Given a $$\lambda$$-bit random oracle (RO) with answers interpreted as (positive) integers and stored in a vector $$\bf r$$, either find an integer vector $$\bf w \neq 0$$ s.t. $${\bf w \cdot r }= 0$$ and $$\lVert{\bf w}\rVert_1 < 2^\nu$$ where $$2^\nu \ll 2^\lambda$$, or answer that such a vector does not exist.

In practice, consider $$\lambda \sim 128$$, $$\nu \sim 32$$.

## Thoughts

Without the $$L_1$$-norm limitation, the problem is fairly easy. Indeed, $${\bf w^{(1)}} = (\frac{r_2}{GCD(r_1,r_2)}, -\frac{r_1}{GCD(r_1,r_2)}, 0, \ldots, 0)$$ is a "small" solution.

Further note that the (linearly independent) system $${\bf w^{(k)}} = (0, \ldots, 0, \frac{r_{k+1}}{GCD(r_{k},r_{k+1})}, -\frac{r_{k}}{GCD(r_{k},r_{k+1})}, 0, \ldots, 0)$$, $$k=0, \ldots, n-1$$, constitutes a basis of a lattice $$\bf W$$ where each point $$\bf w$$ solves $$\bf w \cdot r = 0$$. It is commonly believed that the problem of finding a vector short-enough with respect to the shortest one in $$\bf W$$ is hard on average, known as the Shortest Vector Problem (SVP).

However, in this situation, we do not even know how long the shortest vector is, i.e., whether it fits the $$L_1$$ condition.

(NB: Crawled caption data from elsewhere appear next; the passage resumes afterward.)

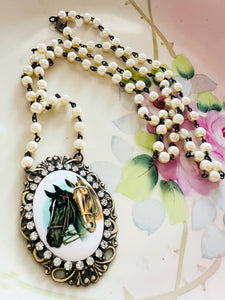 Western Horse Cameo Filigree Necklace Beaded Chain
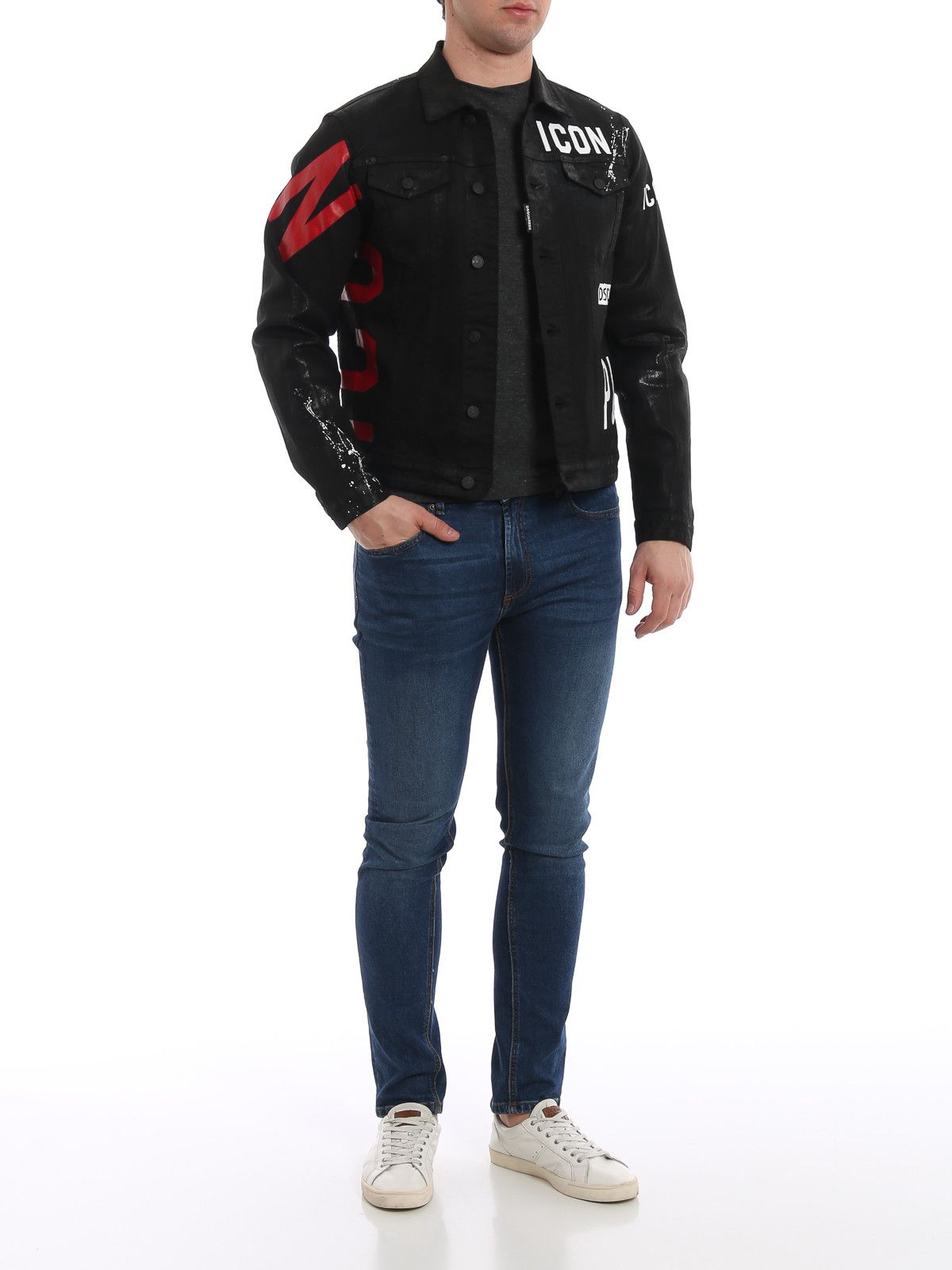 Dsquared2 DSQUARED2 Icon Print Waxed Cotton Denim Jacket Size US M / EU 48-50 / 2 - 15 Thumbnail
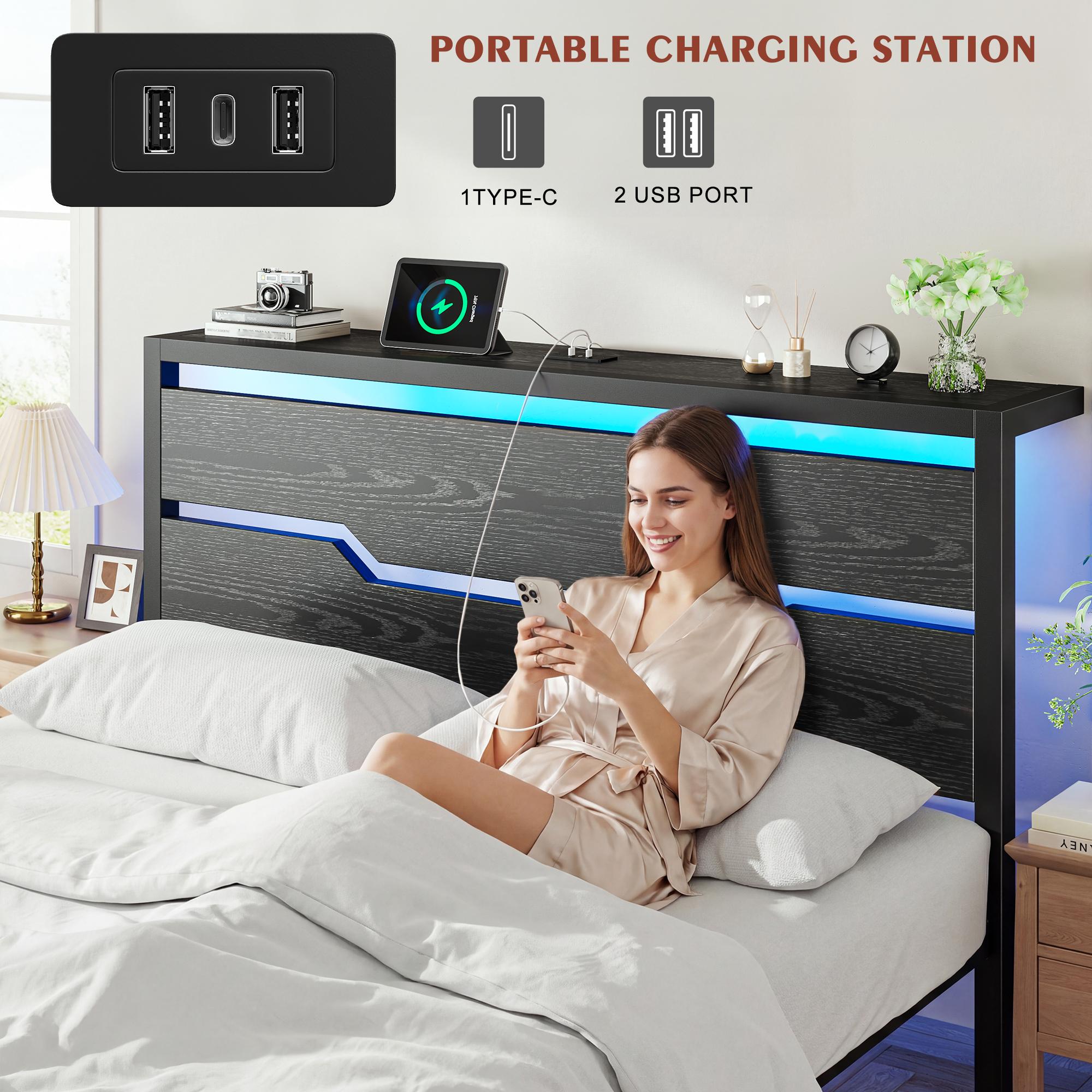 Raybee LED Bed Frame for Queen King Full with Headboard & Storage Shelf, No Mattress, Modern Industrial Wood Platform Bed Frame with Built-In Charging Station, No Noise, Capacity 900LBS with Metal Slats for Bedroom, First Apartment, Teens, Dorms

Also note that, on the one hand, querying the RO increases the chance of existence of such a solution, on the other hand, the problem of finding it becomes harder.

## Ultimate Goal

Prove that either

• existence of such a solution is negligible, or
• finding such a solution is hard.

## Question

Is there any known problem or a research area that would give at least a hint for my problem? Currently, SVP appears to me to be the closest one, however, it does not appear to be sufficient.